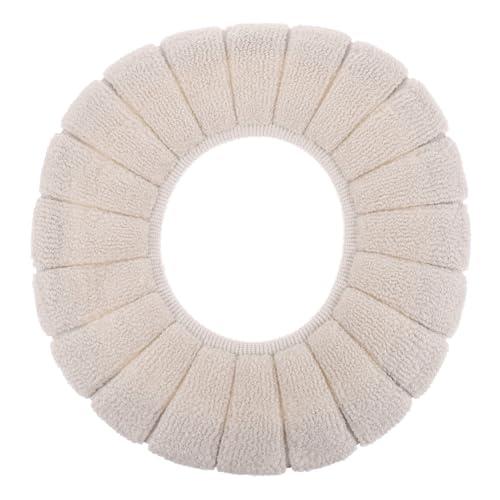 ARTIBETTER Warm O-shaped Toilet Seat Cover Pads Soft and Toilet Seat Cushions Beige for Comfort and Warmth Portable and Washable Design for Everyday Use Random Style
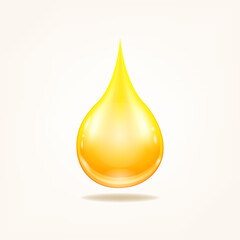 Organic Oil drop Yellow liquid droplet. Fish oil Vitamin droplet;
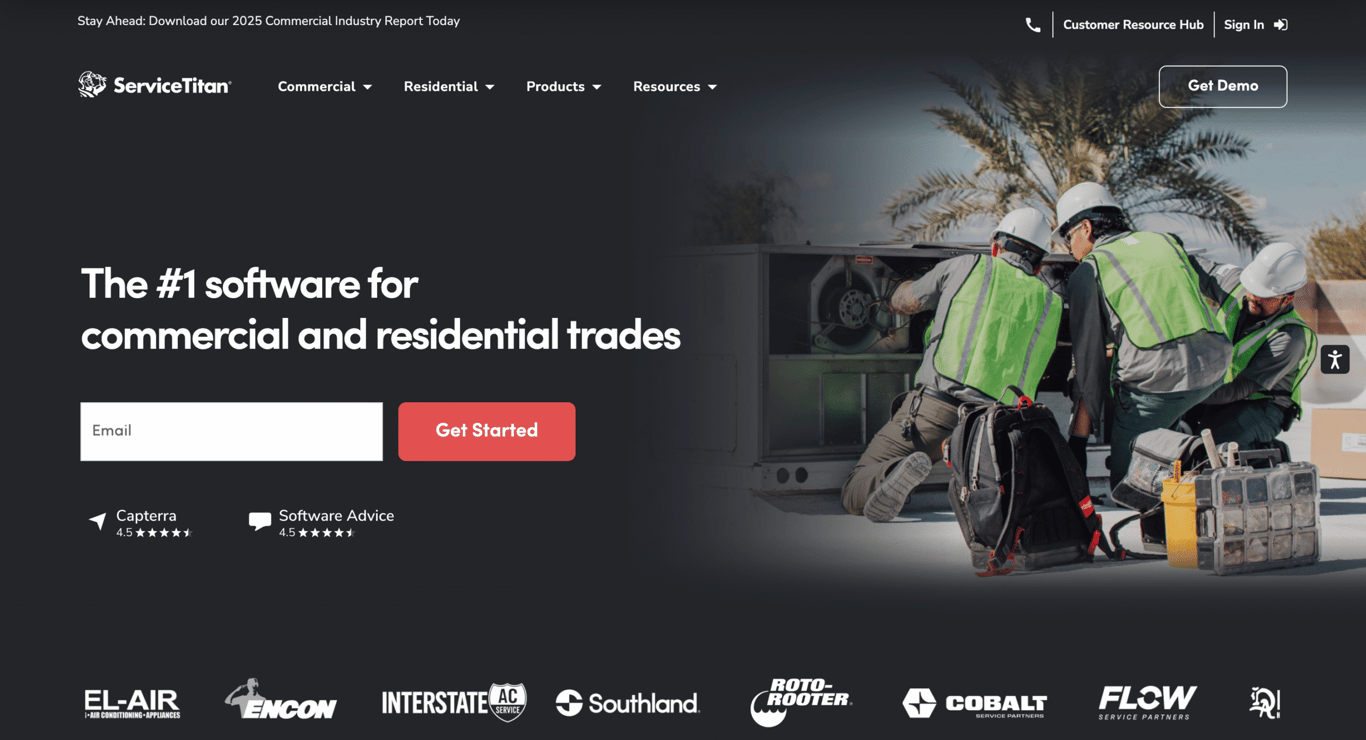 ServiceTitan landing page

## DIRECTIONS
Print the listing exactly, images excluded.

## EXERCISE RESPONSE
 ARTIBETTER Warm O-shaped Toilet Seat Cover Pads Soft and Toilet Seat Cushions Beige for Comfort and Warmth Portable and Washable Design for Everyday Use Random Style
 Organic Oil drop Yellow liquid droplet. Fish oil Vitamin droplet;
 ServiceTitan landing page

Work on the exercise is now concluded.